In 1959, the USAF “Thunderbirds” flying F-100 Super Sabres, visited Japan and inspired JASDF commanders to re-establish an official JASDF aerobatic display team. In 1960, a new team was created at Hamamatsu air base flying with five F-86F Sabre fighters. Three of the pilots were drawn from the previous Japanese display team.
The first demonstration of this new team, named “Tenryu” (after the name of the nearest river), was on 4 March 1960 at Hamamatsu. However, this name proved hard to pronounce in western languages, so the team was renamed “Blue Impulse”. The teams aircraft were equipped with smoke generators providing five different colors for each plane - white, red, blue, green and yellow. The team’s aircraft were initially painted in a silver, light blue, blue and pink color scheme but on the leader's aircraft, the blue color was replaced with gold.
In 1961, all five Sabres received a new special demonstration paint scheme with overall white and blue colors.

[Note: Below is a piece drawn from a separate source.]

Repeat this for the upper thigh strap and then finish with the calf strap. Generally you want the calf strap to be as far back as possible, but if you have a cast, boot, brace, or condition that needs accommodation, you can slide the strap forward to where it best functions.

In 1964, “Blue Impulse” performed at the opening of the Olympic Games in Tokyo and painted all five Olympic circles in the sky with smoke.

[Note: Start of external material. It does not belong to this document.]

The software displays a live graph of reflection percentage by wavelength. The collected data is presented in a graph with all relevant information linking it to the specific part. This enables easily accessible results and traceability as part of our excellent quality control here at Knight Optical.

In February 1982, after 545 air demonstrations, “Blue Impulse” stopped using the F-86F Sabre and converted to six Japanese-built Mitsubishi T-2 trainers. The first airshow with these new aircraft was on 25 June 1982 at the team's new home in Matsushima air base.
On 14 November 1982, during a downward “bomb-burst” maneuver at a Hamamatsu air display, the team’s #4 aircraft didn’t succeed in recovering on time and crashed onto a building, killing both the pilot and 11 people on the ground (See crash video here). This accident halted the team's performances for the remainder of the year.
Bad luck again plagued the “Blue Impulse” when the team’s #2 and #4 aircraft both crashed during a training flight on 4 July 1991 over the Pacific Ocean. This disaster once again halted the team's performances for a year. “Blue Impulse’s” last performance with the T-2 aircraft was in December 1995, after 175 displays on type.
The new “Blue Impulse” aircraft were Japanese-built Kawasaki T-4 training jets. The team’s first show with these new aircraft was on 05 April 1996. In 1997, the team made its foreign debut at the Nellis AFB airshow in the USA.
On 4 July 2000, during a training flight, the team’s #5 and #6 aircraft crashed taking three pilot's lives. This accident occurred about 25 km east of the Matsushima air base.